Vancouver: Late last month, Vancouver’s City Council unanimously passed a proposal to create space dedicated to Vancouver’s domestic production community – thanks in large part to the efforts of the Vancouver International Film Festival Society and the city’s cultural planning department.
The 13,700-square-foot Vancouver International Film Centre on Seymour Street (across the alley from the new Scotiabank Dance Centre) will feature a 170-seat multimedia screening room that will be able to accommodate a variety of formats.
‘The whole spirit of the facility is forward-looking,’ says Vancouver International Film Festival director Alan Franey. ‘We want to become known as a space for independent Canadian production and art cinema.’
While the centre will be home base for VIFF and the Trade Forum, it will also serve as a festival venue and there will be room for local production companies to have offices. On-site production space might include a stage or edit suites.
The facility will be located in a new twin-tower residential complex constructed by developer Amacon Group, which gets a density bonus (it can build a bigger building) by accommodating the film center.

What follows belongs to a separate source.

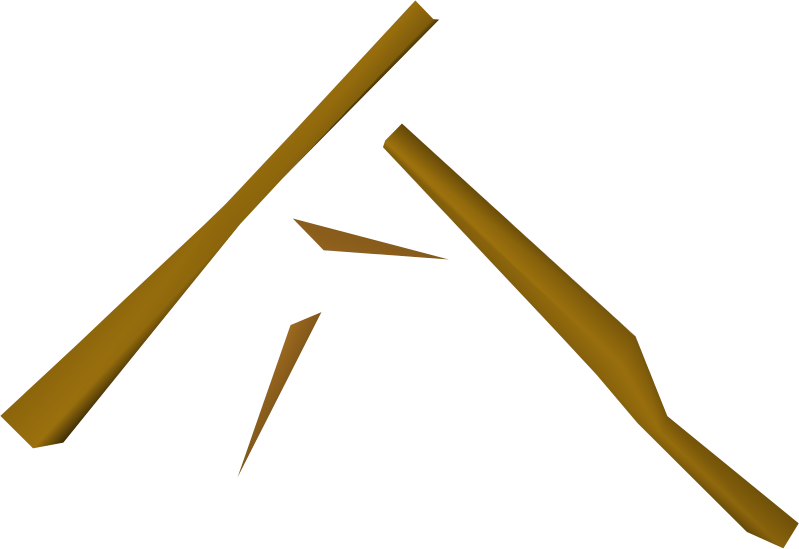 File:Broken staff detail.png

Construction could start next spring, with occupancy two years after that.
A woman with influence
Vancouver-based Prophecy Entertainment is engineering what it hopes will be its biggest (or at least most important) production to date.
If the planets align, production on The Incredible Mrs. Ritchie could begin in November in Victoria, says Prophecy spokesperson Loveena Chera. The budget will be in the magnitude of $3 million to $6 million.
Gena Rowlands (A Woman Under the Influence) and Trevor Morgan (Hardball) star in the coming-of-age story about a troubled boy who spends his summer working as a handyman for an elderly woman who has had an unfortunate life. Prophecy is also negotiating with actor James Caan to play the school principal.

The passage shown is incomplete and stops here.